/---

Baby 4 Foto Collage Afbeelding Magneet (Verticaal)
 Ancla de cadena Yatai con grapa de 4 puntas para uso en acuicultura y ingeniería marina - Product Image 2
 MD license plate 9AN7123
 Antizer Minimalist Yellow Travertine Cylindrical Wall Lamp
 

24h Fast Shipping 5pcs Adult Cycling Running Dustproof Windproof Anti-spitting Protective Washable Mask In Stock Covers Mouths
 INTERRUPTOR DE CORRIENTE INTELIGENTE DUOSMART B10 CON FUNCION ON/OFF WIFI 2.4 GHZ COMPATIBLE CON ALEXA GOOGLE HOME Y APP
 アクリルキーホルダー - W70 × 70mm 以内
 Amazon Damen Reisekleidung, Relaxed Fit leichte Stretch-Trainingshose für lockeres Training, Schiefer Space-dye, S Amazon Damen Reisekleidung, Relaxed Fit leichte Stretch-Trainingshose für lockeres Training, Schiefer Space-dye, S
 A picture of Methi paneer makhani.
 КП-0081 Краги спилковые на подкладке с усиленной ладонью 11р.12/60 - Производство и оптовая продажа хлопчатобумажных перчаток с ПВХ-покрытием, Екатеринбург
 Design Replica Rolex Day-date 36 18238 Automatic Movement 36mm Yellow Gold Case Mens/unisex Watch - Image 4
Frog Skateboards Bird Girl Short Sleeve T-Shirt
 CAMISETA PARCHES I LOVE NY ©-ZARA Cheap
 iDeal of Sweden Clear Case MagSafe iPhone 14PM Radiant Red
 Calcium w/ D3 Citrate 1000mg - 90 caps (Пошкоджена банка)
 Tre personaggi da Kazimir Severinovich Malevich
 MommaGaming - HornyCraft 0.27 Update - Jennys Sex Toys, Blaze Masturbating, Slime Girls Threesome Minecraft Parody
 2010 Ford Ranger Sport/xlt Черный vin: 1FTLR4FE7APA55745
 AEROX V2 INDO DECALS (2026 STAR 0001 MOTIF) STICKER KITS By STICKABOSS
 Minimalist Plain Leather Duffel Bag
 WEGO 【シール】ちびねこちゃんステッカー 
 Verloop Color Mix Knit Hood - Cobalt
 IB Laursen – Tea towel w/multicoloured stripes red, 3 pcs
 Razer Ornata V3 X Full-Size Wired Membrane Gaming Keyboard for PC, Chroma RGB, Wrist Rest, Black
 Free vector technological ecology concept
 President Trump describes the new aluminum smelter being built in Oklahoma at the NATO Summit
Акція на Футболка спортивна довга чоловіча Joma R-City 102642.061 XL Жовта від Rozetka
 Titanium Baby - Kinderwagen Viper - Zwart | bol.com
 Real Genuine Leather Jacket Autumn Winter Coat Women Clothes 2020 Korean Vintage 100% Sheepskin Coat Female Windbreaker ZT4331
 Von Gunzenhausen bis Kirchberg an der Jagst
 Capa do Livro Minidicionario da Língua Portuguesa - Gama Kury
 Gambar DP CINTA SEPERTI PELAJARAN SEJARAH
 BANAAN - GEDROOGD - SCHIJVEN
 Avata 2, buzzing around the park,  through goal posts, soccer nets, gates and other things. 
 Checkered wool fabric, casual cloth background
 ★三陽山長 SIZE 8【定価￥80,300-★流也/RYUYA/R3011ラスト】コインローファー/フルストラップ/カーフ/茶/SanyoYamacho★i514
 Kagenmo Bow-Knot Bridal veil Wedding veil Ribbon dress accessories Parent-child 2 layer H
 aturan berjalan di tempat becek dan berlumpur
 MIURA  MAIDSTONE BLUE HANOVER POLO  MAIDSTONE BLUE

\---

Problem to solve:
In full and without alteration, output the listing.

Answer to this task:
Baby 4 Foto Collage Afbeelding Magneet (Verticaal)
 Ancla de cadena Yatai con grapa de 4 puntas para uso en acuicultura y ingeniería marina - Product Image 2
 MD license plate 9AN7123
 Antizer Minimalist Yellow Travertine Cylindrical Wall Lamp
 

24h Fast Shipping 5pcs Adult Cycling Running Dustproof Windproof Anti-spitting Protective Washable Mask In Stock Covers Mouths
 INTERRUPTOR DE CORRIENTE INTELIGENTE DUOSMART B10 CON FUNCION ON/OFF WIFI 2.4 GHZ COMPATIBLE CON ALEXA GOOGLE HOME Y APP
 アクリルキーホルダー - W70 × 70mm 以内
 Amazon Damen Reisekleidung, Relaxed Fit leichte Stretch-Trainingshose für lockeres Training, Schiefer Space-dye, S Amazon Damen Reisekleidung, Relaxed Fit leichte Stretch-Trainingshose für lockeres Training, Schiefer Space-dye, S
 A picture of Methi paneer makhani.
 КП-0081 Краги спилковые на подкладке с усиленной ладонью 11р.12/60 - Производство и оптовая продажа хлопчатобумажных перчаток с ПВХ-покрытием, Екатеринбург
 Design Replica Rolex Day-date 36 18238 Automatic Movement 36mm Yellow Gold Case Mens/unisex Watch - Image 4
Frog Skateboards Bird Girl Short Sleeve T-Shirt
 CAMISETA PARCHES I LOVE NY ©-ZARA Cheap
 iDeal of Sweden Clear Case MagSafe iPhone 14PM Radiant Red
 Calcium w/ D3 Citrate 1000mg - 90 caps (Пошкоджена банка)
 Tre personaggi da Kazimir Severinovich Malevich
 MommaGaming - HornyCraft 0.27 Update - Jennys Sex Toys, Blaze Masturbating, Slime Girls Threesome Minecraft Parody
 2010 Ford Ranger Sport/xlt Черный vin: 1FTLR4FE7APA55745
 AEROX V2 INDO DECALS (2026 STAR 0001 MOTIF) STICKER KITS By STICKABOSS
 Minimalist Plain Leather Duffel Bag
 WEGO 【シール】ちびねこちゃんステッカー 
 Verloop Color Mix Knit Hood - Cobalt
 IB Laursen – Tea towel w/multicoloured stripes red, 3 pcs
 Razer Ornata V3 X Full-Size Wired Membrane Gaming Keyboard for PC, Chroma RGB, Wrist Rest, Black
 Free vector technological ecology concept
 President Trump describes the new aluminum smelter being built in Oklahoma at the NATO Summit
Акція на Футболка спортивна довга чоловіча Joma R-City 102642.061 XL Жовта від Rozetka
 Titanium Baby - Kinderwagen Viper - Zwart | bol.com
 Real Genuine Leather Jacket Autumn Winter Coat Women Clothes 2020 Korean Vintage 100% Sheepskin Coat Female Windbreaker ZT4331
 Von Gunzenhausen bis Kirchberg an der Jagst
 Capa do Livro Minidicionario da Língua Portuguesa - Gama Kury
 Gambar DP CINTA SEPERTI PELAJARAN SEJARAH
 BANAAN - GEDROOGD - SCHIJVEN
 Avata 2, buzzing around the park,  through goal posts, soccer nets, gates and other things. 
 Checkered wool fabric, casual cloth background
 ★三陽山長 SIZE 8【定価￥80,300-★流也/RYUYA/R3011ラスト】コインローファー/フルストラップ/カーフ/茶/SanyoYamacho★i514
 Kagenmo Bow-Knot Bridal veil Wedding veil Ribbon dress accessories Parent-child 2 layer H
 aturan berjalan di tempat becek dan berlumpur
 MIURA  MAIDSTONE BLUE HANOVER POLO  MAIDSTONE BLUE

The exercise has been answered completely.